2. **Model Comparison:** Mistral 7B Instruct starts with the worst calibration (highest ECE) but best initial performance (highest AUROC) at low samples (10²). By 10⁴ samples, LLaMA-2 13B Chat achieves the best calibration (lowest ECE), while Mistral achieves the best performance (highest AUROC).
3. **Data Efficiency:** All models surpass the "Zero-Shot Classifier" baseline in both metrics with as few as 10² samples. They surpass the "Sampling" baseline shortly thereafter.
4. **Convergence:** The performance gap between models narrows as the number of samples increases, particularly for ECE.
### Interpretation
This data demonstrates the critical impact of fine-tuning sample size on both the reliability (calibration) and effectiveness (discriminative power) of LLMs for classification tasks.
* **Calibration vs. Performance:** The charts show that calibration (ECE) and raw performance (AUROC) are related but distinct axes of model quality. A model can be well-performing but poorly calibrated, or vice-versa, especially in low-data regimes.

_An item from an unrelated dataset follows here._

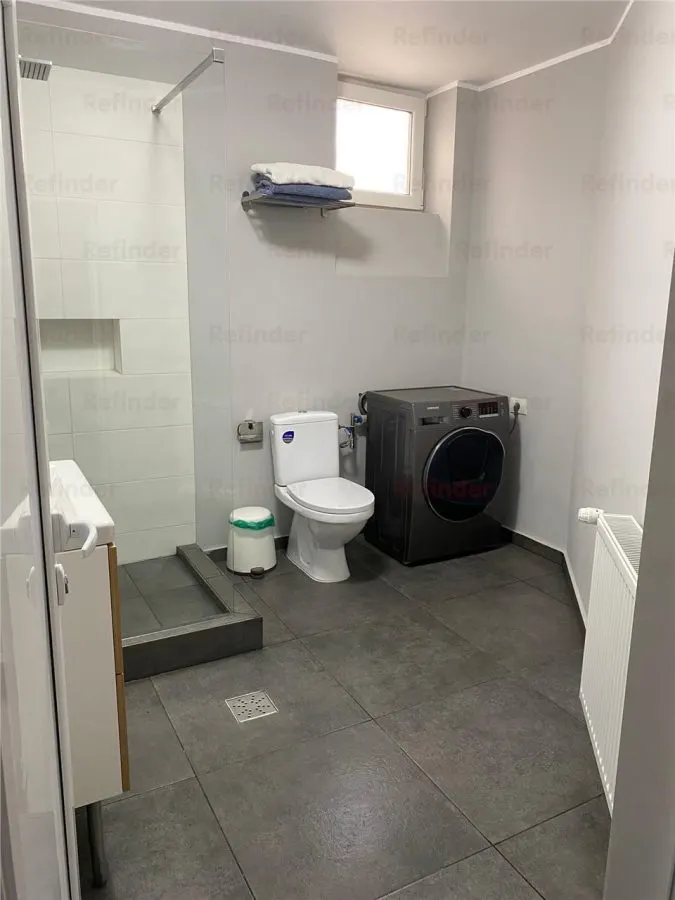 Vanzare vila D+P+2 | Stefan cel Mare - Tunari | - foto 22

* **Value of Data:** The consistent trends indicate that increasing the fine-tuning dataset size from 100 to 10,000 samples yields significant, monotonic benefits for both metrics across all tested models. This suggests the models are not yet saturated at 10⁴ samples.

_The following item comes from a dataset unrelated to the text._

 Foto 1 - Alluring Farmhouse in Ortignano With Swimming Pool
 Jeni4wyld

* **Model Selection Implications:** The choice between LLaMA-2 and Mistral may depend on the application's priority. If calibration is paramount (e.g., for risk assessment), LLaMA-2 13B Chat appears superior with sufficient data. If maximizing discriminative power is the sole goal, Mistral 7B Instruct shows a slight edge at high sample counts.

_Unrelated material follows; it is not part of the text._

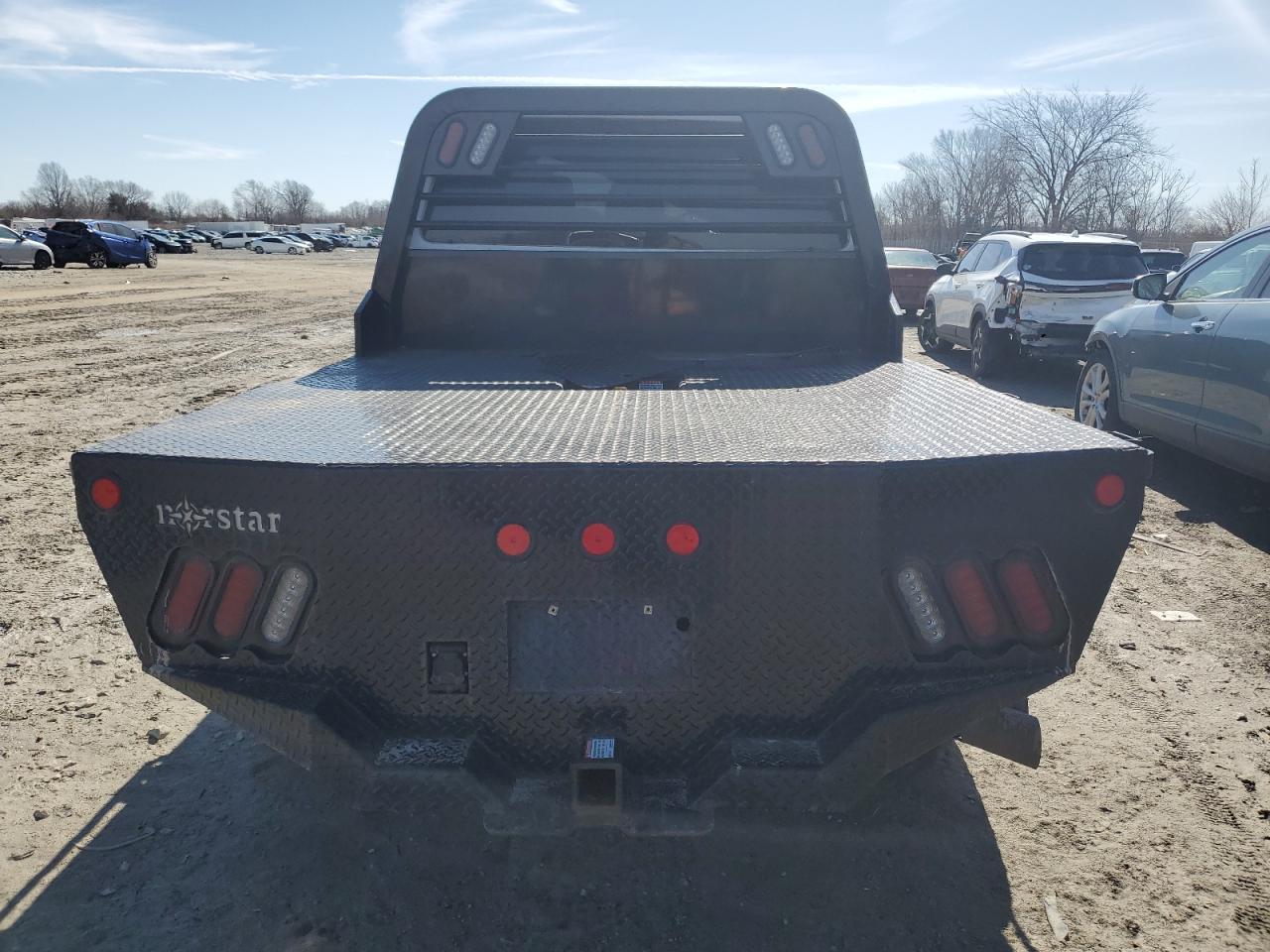 2016 FORD F250 SUPER - Фото 6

* **Baseline Context:** The "Zero-Shot" and "Sampling" baselines provide a crucial reference point, showing that even minimal fine-tuning (100 samples) provides a substantial boost over these methods. The flat baselines highlight that these methods do not benefit from the additional training data being supplied to the other models.